A pioneering scholar and performer of klezmer music, Sapoznik founded the Max and Frieda Weinstein Archives of Recorded Sound at the YIVO Institute for Jewish Research and was its first director from 1982–1994. As an outgrowth of that work, in 1985 Sapoznik started "KlezKamp: The Yiddish Folk Arts Program", the world's most important training venue for practitioners of this nearly lost art and, in 1994, founded Living Traditions to administer it. His "Klezmer! Jewish Music from Old World to Our World" (ISBN 0-02-864574-X), the first book on the history of klezmer music, was the winner of the 2000 ASCAP Deems Taylor Award for Excellence in Music Scholarship.
A Grammy nominated performer/producer, Sapoznik has created 13 reissues of historic recordings of Jewish music, most recently an unprecedented 4 volume CD set of Yiddish 78s 1912–1950 for Sony Columbia Legacy.
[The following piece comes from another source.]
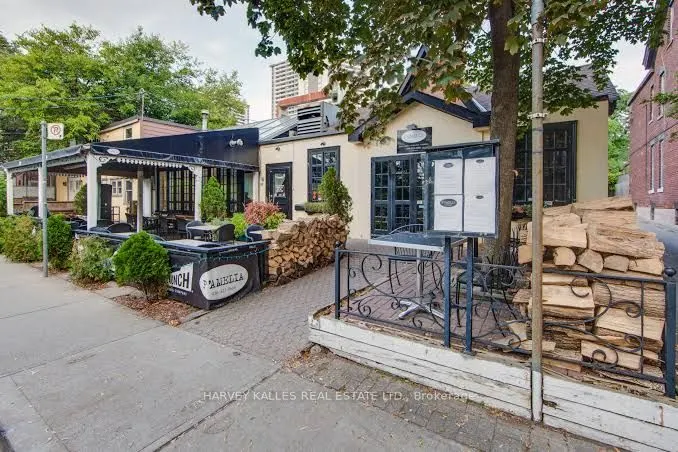 318 Sumach Street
Nominated for a 2002 Emmy Award for his music score to the documentary film "The Life and Times of Hank Greenberg," His 2005 3 CD anthology of legendary country music pioneer Charlie Poole for Sony Columbia Legacy was nominated for three Grammy awards (Best Historical Album, Best Album Notes, Best Box Design).
In addition to his work in klezmer music, he studied old time music with Tommy Jarrell.